### Assignment:
Find how many lines of the records below contain the word "couple" and write that number by itself.

### Information shown:
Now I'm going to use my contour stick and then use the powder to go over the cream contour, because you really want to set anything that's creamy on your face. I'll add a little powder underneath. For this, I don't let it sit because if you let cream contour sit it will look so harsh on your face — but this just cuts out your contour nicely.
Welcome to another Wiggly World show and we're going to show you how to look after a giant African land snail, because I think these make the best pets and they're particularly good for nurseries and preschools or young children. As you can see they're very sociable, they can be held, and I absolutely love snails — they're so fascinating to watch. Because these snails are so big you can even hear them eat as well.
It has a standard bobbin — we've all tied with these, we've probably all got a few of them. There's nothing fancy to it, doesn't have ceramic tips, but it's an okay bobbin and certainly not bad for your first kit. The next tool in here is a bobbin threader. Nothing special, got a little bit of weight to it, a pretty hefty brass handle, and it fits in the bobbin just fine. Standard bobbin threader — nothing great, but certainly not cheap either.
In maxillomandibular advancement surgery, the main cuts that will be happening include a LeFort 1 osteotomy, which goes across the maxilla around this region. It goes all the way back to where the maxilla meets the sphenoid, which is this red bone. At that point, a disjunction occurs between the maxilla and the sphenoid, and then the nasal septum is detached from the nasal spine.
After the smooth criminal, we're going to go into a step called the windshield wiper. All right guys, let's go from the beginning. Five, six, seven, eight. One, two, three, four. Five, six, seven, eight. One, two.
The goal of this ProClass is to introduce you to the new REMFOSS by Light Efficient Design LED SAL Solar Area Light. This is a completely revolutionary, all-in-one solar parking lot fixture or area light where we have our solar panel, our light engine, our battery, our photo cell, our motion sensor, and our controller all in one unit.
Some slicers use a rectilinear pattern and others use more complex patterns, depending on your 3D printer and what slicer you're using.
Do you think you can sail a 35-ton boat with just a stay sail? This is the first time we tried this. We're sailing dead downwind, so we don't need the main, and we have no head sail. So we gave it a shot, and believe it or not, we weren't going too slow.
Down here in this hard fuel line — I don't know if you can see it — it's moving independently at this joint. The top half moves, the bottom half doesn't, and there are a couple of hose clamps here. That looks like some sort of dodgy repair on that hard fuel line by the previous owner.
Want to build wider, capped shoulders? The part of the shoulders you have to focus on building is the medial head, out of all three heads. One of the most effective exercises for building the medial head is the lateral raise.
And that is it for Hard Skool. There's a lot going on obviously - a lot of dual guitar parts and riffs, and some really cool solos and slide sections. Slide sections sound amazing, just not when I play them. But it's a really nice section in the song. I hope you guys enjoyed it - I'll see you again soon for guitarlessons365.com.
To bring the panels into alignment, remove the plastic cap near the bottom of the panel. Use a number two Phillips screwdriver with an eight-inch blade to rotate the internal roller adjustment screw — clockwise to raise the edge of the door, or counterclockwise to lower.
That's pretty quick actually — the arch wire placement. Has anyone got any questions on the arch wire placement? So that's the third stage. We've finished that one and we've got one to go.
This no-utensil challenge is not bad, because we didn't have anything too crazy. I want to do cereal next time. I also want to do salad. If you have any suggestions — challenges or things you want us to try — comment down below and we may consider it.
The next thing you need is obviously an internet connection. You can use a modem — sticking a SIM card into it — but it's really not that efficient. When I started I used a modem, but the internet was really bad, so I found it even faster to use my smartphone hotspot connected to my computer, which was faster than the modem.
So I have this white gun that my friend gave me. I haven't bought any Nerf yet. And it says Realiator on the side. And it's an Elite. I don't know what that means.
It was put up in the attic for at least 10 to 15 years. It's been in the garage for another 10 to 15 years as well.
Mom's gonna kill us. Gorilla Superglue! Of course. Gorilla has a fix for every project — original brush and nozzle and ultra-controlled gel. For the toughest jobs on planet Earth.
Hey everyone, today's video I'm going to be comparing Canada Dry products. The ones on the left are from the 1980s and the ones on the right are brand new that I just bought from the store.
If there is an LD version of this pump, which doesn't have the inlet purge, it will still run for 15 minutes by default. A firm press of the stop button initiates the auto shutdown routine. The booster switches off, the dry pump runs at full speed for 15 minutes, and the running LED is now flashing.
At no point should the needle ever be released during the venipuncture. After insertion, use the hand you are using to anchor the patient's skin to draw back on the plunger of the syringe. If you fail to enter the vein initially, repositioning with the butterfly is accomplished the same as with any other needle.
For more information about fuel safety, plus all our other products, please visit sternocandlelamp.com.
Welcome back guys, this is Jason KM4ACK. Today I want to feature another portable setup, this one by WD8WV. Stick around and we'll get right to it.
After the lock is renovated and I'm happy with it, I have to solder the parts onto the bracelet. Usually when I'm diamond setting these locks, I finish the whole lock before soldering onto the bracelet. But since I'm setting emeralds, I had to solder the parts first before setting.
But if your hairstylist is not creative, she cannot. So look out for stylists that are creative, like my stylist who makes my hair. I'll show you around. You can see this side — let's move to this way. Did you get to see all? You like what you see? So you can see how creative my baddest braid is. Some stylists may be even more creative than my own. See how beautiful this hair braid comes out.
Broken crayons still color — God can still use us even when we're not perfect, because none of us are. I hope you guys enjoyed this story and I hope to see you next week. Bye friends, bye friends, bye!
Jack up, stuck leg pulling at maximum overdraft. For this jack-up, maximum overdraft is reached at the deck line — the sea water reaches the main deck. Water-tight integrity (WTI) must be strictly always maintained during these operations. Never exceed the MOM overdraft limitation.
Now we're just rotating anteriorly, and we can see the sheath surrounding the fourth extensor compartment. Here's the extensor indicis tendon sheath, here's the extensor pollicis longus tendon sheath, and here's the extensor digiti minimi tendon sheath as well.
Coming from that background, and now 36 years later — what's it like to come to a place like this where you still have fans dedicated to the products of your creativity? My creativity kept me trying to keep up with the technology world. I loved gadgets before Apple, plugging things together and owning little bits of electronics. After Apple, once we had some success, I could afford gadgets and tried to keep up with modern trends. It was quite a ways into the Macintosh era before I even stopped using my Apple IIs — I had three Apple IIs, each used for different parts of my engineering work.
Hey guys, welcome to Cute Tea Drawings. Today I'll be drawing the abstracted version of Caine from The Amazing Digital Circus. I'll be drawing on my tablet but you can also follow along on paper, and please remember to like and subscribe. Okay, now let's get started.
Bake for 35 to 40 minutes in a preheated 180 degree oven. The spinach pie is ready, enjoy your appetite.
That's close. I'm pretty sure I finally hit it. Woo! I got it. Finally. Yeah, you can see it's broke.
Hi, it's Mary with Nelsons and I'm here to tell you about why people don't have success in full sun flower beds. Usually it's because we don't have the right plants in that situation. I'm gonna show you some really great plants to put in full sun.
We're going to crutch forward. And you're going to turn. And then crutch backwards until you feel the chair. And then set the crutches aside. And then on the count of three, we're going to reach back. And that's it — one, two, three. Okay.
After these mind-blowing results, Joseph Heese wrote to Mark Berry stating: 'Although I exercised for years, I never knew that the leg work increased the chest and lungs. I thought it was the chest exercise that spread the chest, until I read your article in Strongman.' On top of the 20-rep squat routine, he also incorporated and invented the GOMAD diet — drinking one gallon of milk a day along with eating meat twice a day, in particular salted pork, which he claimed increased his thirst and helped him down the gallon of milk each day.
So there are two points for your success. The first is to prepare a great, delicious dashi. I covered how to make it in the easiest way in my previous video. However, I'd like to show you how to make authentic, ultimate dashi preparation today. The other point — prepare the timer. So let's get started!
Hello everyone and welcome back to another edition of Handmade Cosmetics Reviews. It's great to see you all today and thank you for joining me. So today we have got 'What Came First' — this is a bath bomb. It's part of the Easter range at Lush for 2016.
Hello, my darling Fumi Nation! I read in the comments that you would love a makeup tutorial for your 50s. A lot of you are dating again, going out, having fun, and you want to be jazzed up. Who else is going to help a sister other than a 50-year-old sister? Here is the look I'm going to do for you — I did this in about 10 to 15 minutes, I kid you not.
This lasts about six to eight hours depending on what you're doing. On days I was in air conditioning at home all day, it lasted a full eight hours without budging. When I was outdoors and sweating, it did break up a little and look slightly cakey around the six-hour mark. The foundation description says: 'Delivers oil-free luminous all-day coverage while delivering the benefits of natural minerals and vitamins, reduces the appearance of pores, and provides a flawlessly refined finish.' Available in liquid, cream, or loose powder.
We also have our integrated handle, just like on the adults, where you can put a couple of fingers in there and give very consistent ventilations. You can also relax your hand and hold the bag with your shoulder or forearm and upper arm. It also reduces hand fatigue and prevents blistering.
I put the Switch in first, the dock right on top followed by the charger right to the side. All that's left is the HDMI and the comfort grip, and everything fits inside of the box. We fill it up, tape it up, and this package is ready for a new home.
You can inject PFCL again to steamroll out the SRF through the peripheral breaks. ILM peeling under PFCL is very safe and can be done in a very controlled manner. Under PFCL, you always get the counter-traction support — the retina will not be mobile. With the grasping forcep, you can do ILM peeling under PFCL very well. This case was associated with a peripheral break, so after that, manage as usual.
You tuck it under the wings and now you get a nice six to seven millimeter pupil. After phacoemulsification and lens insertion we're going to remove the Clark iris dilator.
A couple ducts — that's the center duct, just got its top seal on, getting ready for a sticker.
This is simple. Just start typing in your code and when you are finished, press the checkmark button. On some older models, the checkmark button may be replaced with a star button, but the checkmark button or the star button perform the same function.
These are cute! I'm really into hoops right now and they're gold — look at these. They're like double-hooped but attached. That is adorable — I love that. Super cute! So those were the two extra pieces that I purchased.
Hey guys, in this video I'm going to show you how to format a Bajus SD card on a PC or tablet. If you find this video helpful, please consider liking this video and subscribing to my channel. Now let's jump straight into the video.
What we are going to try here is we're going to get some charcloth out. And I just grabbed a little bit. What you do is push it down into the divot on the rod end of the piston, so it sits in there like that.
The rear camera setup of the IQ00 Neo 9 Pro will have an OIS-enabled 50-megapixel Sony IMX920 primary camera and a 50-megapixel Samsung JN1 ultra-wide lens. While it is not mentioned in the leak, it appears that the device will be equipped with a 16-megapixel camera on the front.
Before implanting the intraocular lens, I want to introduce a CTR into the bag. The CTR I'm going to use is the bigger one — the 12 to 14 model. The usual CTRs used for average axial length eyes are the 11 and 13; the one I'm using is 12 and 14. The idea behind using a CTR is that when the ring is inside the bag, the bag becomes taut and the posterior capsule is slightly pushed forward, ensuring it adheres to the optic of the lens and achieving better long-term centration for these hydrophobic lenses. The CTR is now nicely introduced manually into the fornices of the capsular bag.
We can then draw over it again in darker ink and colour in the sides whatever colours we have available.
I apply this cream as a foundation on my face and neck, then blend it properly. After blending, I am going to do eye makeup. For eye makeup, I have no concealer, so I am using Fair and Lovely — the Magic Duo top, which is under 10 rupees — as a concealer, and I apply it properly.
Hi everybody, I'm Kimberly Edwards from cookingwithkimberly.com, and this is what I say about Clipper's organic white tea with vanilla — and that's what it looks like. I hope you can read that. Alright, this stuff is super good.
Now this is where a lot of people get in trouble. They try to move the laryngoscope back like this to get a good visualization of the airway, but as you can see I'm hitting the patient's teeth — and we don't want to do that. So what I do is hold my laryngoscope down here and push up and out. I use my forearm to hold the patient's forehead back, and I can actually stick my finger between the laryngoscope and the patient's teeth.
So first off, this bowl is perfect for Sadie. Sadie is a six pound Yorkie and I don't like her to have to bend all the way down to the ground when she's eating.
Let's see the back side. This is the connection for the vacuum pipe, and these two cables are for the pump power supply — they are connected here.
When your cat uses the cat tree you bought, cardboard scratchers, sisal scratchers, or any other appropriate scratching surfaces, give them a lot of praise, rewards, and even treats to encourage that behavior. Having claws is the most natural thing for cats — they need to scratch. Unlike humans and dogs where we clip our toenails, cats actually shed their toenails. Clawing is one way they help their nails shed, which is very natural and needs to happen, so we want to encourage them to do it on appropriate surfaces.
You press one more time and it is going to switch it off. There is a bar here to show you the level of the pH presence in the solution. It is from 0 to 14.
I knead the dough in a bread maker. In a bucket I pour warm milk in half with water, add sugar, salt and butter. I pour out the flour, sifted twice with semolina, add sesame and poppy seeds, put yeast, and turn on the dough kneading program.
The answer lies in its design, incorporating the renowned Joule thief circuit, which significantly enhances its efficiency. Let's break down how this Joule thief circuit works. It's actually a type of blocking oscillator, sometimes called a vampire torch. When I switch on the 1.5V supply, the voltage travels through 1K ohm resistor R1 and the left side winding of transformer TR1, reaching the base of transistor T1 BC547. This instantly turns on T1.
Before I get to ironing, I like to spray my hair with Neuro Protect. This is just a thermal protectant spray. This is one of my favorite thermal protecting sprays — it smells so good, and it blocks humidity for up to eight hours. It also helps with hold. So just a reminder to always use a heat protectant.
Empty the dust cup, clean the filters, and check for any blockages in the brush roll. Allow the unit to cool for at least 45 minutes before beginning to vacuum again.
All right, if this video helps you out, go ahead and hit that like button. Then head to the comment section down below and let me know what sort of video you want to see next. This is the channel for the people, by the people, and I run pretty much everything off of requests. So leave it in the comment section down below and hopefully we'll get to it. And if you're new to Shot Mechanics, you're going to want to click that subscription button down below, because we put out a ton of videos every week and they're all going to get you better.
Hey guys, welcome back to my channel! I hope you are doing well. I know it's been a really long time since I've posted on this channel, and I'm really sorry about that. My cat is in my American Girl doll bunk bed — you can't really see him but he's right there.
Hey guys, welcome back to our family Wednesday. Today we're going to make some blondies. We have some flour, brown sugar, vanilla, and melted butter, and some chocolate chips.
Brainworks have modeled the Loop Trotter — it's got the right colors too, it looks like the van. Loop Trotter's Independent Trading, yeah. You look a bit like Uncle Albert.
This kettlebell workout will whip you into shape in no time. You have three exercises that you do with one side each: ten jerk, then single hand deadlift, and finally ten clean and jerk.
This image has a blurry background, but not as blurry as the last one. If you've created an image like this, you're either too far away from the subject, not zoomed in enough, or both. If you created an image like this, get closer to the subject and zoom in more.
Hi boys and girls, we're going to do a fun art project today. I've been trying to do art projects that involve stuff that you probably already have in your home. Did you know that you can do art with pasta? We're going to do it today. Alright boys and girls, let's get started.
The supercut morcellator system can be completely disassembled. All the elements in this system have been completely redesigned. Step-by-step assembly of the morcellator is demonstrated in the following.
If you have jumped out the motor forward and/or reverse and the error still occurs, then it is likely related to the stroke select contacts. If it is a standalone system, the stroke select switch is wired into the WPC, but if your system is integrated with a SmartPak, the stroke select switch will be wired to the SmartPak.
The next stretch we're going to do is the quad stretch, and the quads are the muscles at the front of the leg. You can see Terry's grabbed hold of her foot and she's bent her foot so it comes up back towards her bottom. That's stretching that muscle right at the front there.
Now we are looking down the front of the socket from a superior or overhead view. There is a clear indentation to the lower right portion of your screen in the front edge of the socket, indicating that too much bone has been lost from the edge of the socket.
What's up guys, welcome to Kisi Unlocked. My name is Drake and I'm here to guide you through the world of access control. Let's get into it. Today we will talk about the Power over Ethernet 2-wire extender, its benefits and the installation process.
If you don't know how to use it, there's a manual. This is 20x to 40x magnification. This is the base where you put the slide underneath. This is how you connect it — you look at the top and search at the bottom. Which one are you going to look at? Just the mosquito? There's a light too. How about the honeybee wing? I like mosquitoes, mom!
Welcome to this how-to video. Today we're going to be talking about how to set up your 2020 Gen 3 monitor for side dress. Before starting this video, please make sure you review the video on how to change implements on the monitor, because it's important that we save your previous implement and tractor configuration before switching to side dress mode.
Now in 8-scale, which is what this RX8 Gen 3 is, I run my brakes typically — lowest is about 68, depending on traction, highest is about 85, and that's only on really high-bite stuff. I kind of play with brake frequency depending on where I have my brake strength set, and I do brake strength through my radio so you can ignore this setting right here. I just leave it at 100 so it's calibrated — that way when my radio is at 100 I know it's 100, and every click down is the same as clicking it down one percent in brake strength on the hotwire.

### Output of the exercise:
3